Этот Новый Год действительно был немного другой. Во-первых, в клубе было аж несколько представлений. Традиционное, детсадовский утренник, потом школьное выступление. Хор благородных девиц подготовил на праздник несколько песен. Вишенкой на торте должна стать новая комедия Держислава, первая. Она в нескольких актах.

Опять установили Ёлку, нарядили её всякими игрушками. Под вечер началось действо. В клуб набились чуть не все, еле влезли. Детский сад давал сегодня «Колобка», школьники — «Снегурочку». После детей вышел наш хор воспитанниц. Лица красные, кокошники синие, сарафаны — зелёные, платочки в руках. Половина воспринимала хор как суровое испытание в плену, но глядя на Ладу и Брунгильду, затихали, и печально несли творческую нагрузку. Пели все, даже те кто словенского не знал, голосить протяжно на чужом языке было проще, чем говорить на нём. Спели для разогрева «В тот день когда ты мне приснился», жалостливо получилось, но красиво. Я аж захлопал. Народ посмотрел на меня — тоже повторил. Про «Всегда быть рядом не могут люди» пошла ещё лучше. «Потолок ледяной, дверь скрипучая» — так вообще классно вышло! Народ неистовствовал, требовал ещё! Закончили про «Три белых коня» — два раза на бис спели. Ушли девчонки гордые — куда только стеснительность делась! — и присоединились к нам в зале. Брунгильда их, как цыплят из-за сцены вывела и усадила толпой на лавку.

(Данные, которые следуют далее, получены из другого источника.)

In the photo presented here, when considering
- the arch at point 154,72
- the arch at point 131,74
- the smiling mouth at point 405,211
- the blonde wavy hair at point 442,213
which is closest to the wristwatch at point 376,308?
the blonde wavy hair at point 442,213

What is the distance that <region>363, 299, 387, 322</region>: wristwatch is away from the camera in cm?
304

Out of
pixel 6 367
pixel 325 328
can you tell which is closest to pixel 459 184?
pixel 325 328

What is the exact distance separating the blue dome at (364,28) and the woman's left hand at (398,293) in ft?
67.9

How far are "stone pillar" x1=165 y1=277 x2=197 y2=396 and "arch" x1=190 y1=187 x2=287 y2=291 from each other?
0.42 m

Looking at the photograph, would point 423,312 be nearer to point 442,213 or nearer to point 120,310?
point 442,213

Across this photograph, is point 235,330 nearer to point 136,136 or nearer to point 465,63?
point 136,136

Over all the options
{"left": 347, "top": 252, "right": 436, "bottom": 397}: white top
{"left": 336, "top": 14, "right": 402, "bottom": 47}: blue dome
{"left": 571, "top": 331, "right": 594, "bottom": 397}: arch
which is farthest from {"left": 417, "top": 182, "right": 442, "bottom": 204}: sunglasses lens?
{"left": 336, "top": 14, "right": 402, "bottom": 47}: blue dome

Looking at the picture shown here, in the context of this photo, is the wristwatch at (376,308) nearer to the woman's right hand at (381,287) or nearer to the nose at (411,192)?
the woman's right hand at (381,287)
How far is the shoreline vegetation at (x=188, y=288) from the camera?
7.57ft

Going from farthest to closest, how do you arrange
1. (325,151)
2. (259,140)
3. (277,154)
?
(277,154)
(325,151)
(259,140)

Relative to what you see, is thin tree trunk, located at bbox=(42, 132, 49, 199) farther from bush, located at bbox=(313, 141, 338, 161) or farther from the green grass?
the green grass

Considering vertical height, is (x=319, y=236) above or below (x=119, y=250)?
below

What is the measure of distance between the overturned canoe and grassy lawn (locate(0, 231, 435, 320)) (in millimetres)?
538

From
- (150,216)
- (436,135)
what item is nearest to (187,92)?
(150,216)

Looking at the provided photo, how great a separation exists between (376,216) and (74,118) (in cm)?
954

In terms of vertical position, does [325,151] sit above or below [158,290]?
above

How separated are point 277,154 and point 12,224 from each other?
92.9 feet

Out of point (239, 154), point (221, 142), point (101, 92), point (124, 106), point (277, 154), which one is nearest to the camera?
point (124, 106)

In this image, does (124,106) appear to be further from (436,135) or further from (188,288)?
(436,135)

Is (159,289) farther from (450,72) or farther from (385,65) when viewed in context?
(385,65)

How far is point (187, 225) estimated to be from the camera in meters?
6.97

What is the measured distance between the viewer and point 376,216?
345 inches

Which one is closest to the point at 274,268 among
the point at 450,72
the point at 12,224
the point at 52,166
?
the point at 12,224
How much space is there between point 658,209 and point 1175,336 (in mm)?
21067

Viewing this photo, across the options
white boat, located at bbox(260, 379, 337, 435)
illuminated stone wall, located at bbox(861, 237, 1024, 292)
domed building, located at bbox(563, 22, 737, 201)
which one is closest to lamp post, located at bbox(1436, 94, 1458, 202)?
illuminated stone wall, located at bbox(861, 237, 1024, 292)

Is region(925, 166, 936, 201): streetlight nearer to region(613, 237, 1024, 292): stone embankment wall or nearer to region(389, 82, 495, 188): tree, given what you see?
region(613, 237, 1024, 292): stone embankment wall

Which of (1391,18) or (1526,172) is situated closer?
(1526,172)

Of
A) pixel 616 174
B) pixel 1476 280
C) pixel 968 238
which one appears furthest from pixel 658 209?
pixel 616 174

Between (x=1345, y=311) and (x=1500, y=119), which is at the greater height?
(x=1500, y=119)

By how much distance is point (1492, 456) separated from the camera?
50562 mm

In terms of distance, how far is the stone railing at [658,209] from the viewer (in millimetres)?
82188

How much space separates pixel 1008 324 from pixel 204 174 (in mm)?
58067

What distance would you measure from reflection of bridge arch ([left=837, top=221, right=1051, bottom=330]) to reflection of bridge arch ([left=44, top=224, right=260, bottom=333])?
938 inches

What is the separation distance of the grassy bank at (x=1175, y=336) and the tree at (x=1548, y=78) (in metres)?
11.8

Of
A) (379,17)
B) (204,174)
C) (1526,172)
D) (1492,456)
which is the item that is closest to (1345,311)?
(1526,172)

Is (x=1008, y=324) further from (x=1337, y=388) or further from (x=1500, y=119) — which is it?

Началось шоу Держислава. Вышли мелкие с большим плакатом «Приключения иноземных пленниц в России». Минуты две постояли на сцене с ним, народ чуть потерялся — такого на представлениях ещё не было. Понеслись разговоры, которые притихли после сигнала дудки. Пафосным голосом из-за сцены в рупор начал вещать Держислав. Мол, в году восемьсот шестьдесят четвёртом суровые воины Москвы отправились по делам своим на Ладожское озеро. На сцену выплыла картонная ладья, через борт её было видно головы наших мужиков да подростков, что изображали вояк. Забавно, но руководил всем Торир! Как тянули эту конструкцию, я не знаю, ибо воины натурально махали картонными вёслами, а вождь мурманов возвышался над ними, громко командуя. Голос Держислава вещал о том, что узнали москвичи о торговле бабами, которых у родителей умыкнули, ярость обуяла воинов из-за такой несправедливости. В «лодье» на сцене натуральный митинг, народ машет картонными мечами и орёт грозно. Держислав описал, как долгими ночами ждали воины в засаде злоумышленников, как настигли их и разгромили. На сцене уже две лодки, идёт кровавый бой, за макетом пулемёта беснуется Гуннар. Сдобренная очередной порцией пафоса речь Держислава вещает о том, что баб забрали, парочку вернули к родителям, а остальных привезли в Москву. Это сопровождается представлением, и довольно крутым, надо сказать!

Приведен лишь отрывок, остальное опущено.